Photo: Zuffa Boxing – Christian Mbilli, Dana White et Lester Martinez

Ce n’est qu’après cette première tempête que nous pouvons enfin déposer nos valises. L’hôtel Fontainebleau, où Shawn et moi logeons, impose sa démesure: un monstre de luxe aux chambres qui s’arrachent à près de mille dollars la nuit. Pourtant, au-delà du faste et des paillettes, il me faut m’ancrer. Alors, comme j’aime le faire sur la route, j’enfile mes chaussures de course et pars redécouvrir la strip. Courir c’est un rituel : ma façon de délier mes jambes, de m’approprier l’espace et de respirer ce nouvel environnement. Et ce soir, entre les néons aveuglants et le soleil encore brûlant, j’ai l’impression d’avancer dans un décor de cinéma, à la recherche de repères dans un monde qui ne semble jamais s’arrêter.

L’envers du décor

Et puis, il y a les coulisses. Plus l’événement est gros, plus les intervenants se multiplient. Les promoteurs, les diffuseurs, les agents, les différents responsables de ci ou de ça, chacun a sa voix. Résultat : l’information circule mal, se dilue, parfois se contredit. Réjean Tremblay en parlait plus tôt cette semaine dans son article «Mbilli va très bien, le reste est bien compliqué». Mais malgré ce brouhaha organisationnel, une chose reste limpide: Mbilli est en mission. Son moral est d’acier, sa concentration implacable. Il avance droit devant, sans se laisser distraire par les casinos rugissants ou les lumières aveuglantes. Et cette énergie, cette assurance, c’est contagieux. Avec lui, tout semble simple, comme si la mécanique était parfaitement huilée.

L’armée Mbilli

Je ne peux passer sous silence cette petite troupe de soldats qui veille aux intérêts de Christian. Virginie Assaly, véritable maître de la logistique, elle prévoit toujours quelques coups d’avance. C’est un atout inestimable quand chaque minute compte. C’est aussi ma partenaire de jogging lorsque nous sommes sur la route. C’est avec elle que l’on transforme une simple course en terrain de repérage. Bien entendu, Camille Estephan est du voyage, épaulé par l’avocat d’Eye of the Tiger, Anthony Rudman. Avec ces deux-là en première ligne, impossible d’essayer de nous en passer une petite vite : tout est verrouillé, bétonné. Ce n’est plus seulement une équipe, c’est une petite armée qui a pris d’assaut Vegas.

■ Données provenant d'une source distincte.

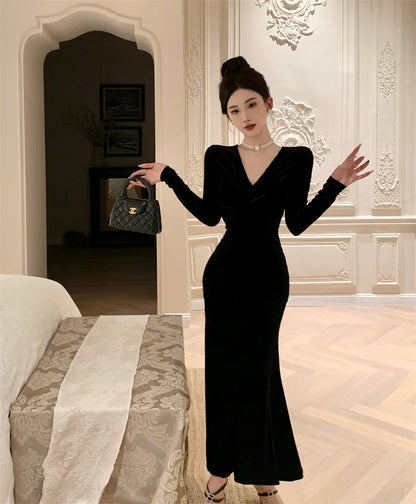 Charming Velvet Black V Neckline Maxi Dress Vogue Mermaid Long Sleeve Sheath Long Dress AP1874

Photo: Vincent Ethier – Virginie Assaly, Antonin Décarie et Camille Estephan

La pesée

Vendredi, c’est le premier vrai test : la pesée. Ce moment que les boxeurs décrivent comme un combat en soi, celui contre la balance. Christian et Martinez devront respecter la limite des 168 lb, catégorie des super-moyens. Au moment où j’écris ces lignes, Mbilli se prépare pour son dernier entraînement, une séance de coupe de poids. C’est exigeant, jamais agréable, mais il n’a jamais eu de difficulté à faire le poids. Vu l’ampleur leur du combat chaque détail a été pensé, encadré, contrôlé. Philippe est là, laptop à la main et il surveille tout. La pesée n’est qu’une formalité, mais une formalité obligatoire : sans elle, pas de ceinture en jeu. Ou pire encore pas de combats!

Et Christian, qui aime collectionner les ceintures comme d’autres collectionnent les timbres, ne compte pas s’arrêter là. Aujourd’hui, il empile les titres. Demain, ce sera peut-être les millions. On lui souhaite.